Technische Hochschule Nürnberg Georg Simon Ohm
- Type: Public
- Established: 1971
- President: Niels Oberbeck
- Academic staff: 1,855
- Students: 12,234
- Location: Nuremberg, Bavaria, Germany 49°27′11″N 11°05′33″E﻿ / ﻿49.4531°N 11.0924°E
- Website: www.th-nuernberg.de

= Technische Hochschule Nürnberg =

Hochschule in Nuremberg, Germany

The Technische Hochschule Nürnberg Georg Simon Ohm (shortened TH Nürnberg; English name Nuremberg Institute of Technology Georg Simon Ohm) is a public Technische Hochschule in Nuremberg, Bavaria. With its 12,200 students and 1,800 faculty members, it is the second biggest Technische Hochschule in Bavaria. President is Niels Oberbeck.

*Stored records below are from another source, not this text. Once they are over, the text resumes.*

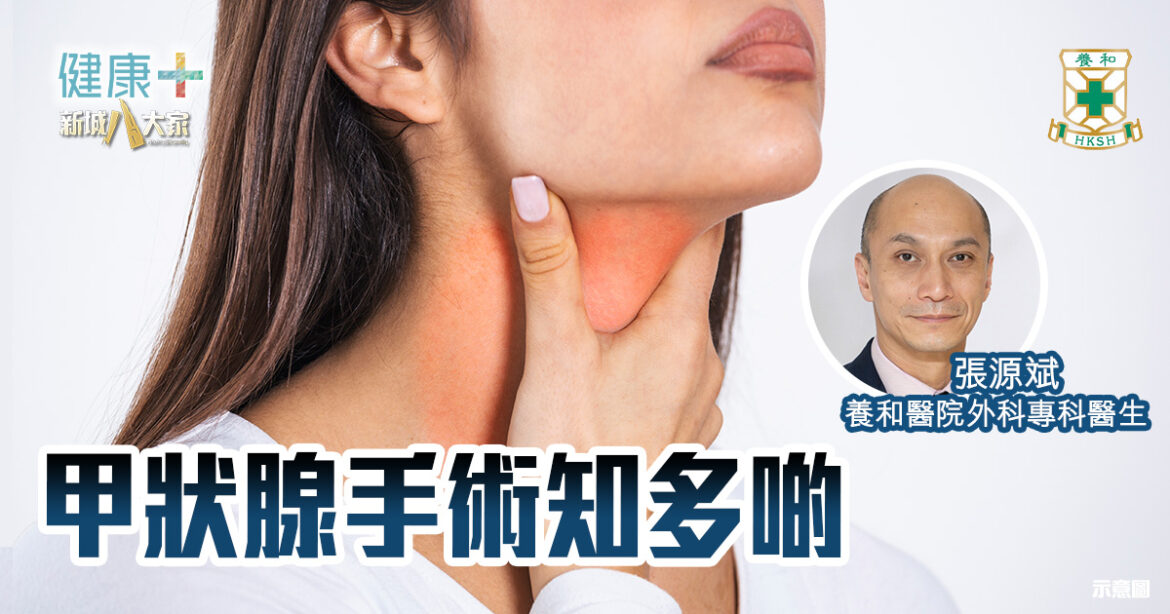 甲狀腺手術知多啲｜養和醫院外科專科醫生張源斌醫生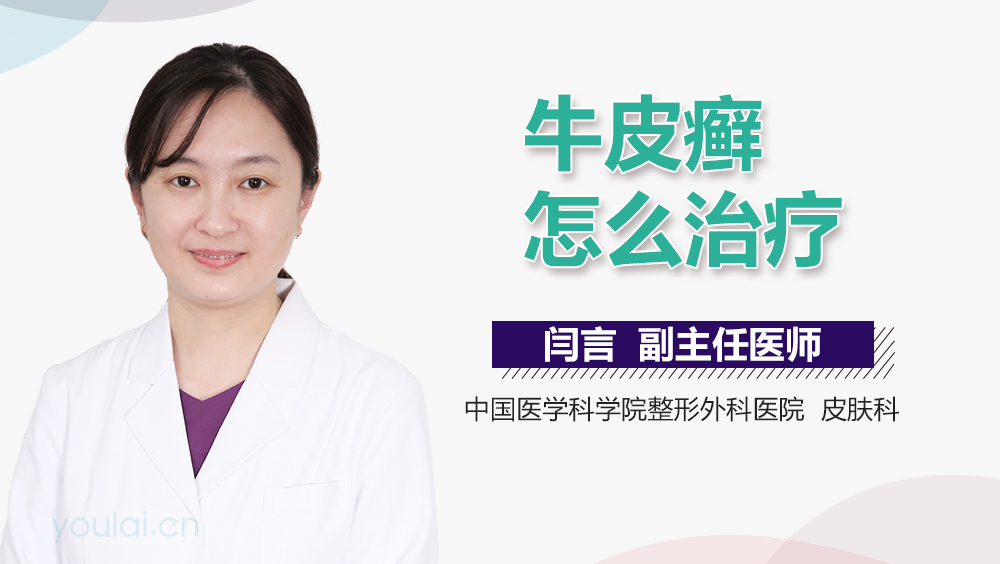 牛皮癣怎么治疗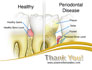 Periodontal Tooth slide 20
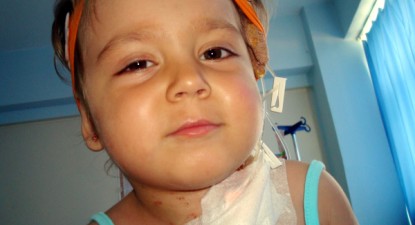Are doi ani și jumătate și suferă de leucemie - 3d93dff0744dbe667f649ed61dee5706.jpg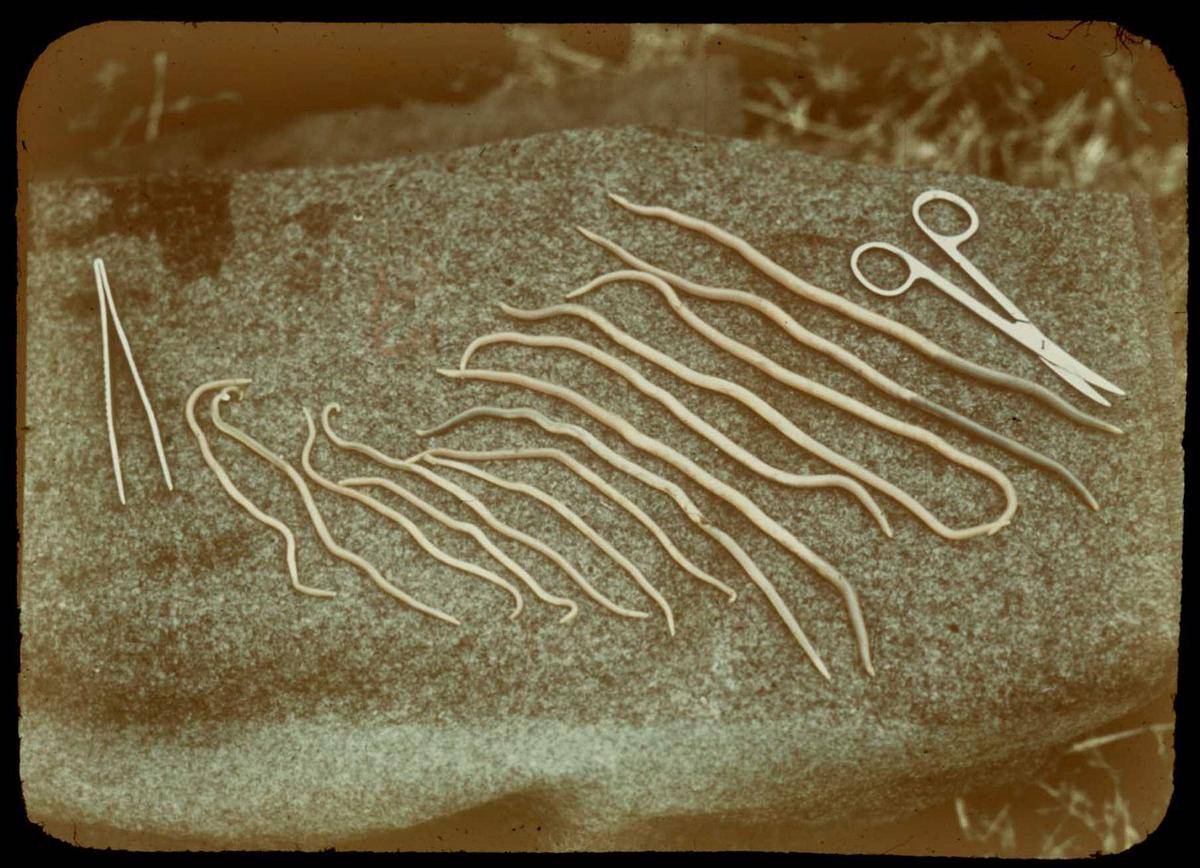 Ascaris lumbricoides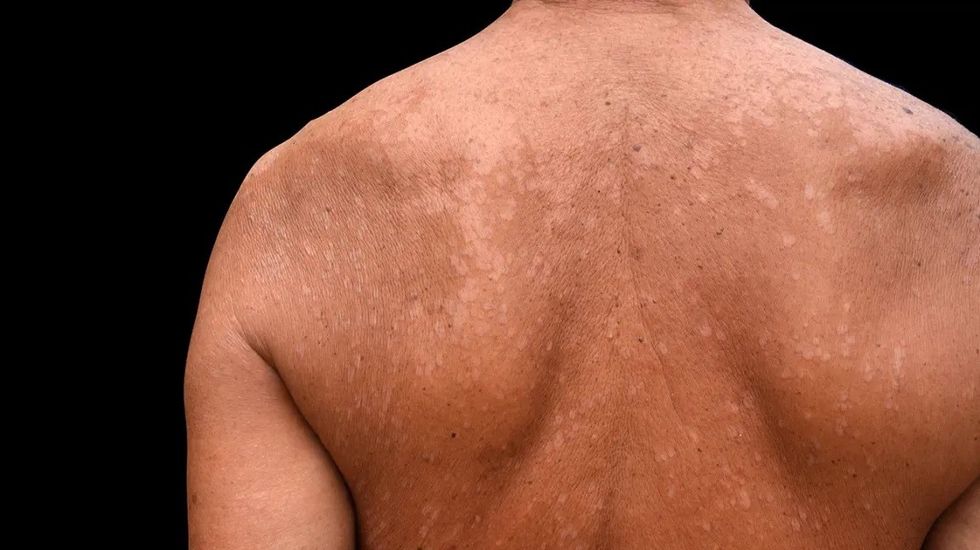 tinea versicolor body1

The university got its name in honor of Georg Simon Ohm who was a professor and headmaster of the predecessor of the Hochschule, the Polytechnische Schule, between 1839 and 1849.

The logo of the Technische Hochschule is the Ω as a reference to Ohm the SI derived unit for electric resistance named after Georg Simon Ohm.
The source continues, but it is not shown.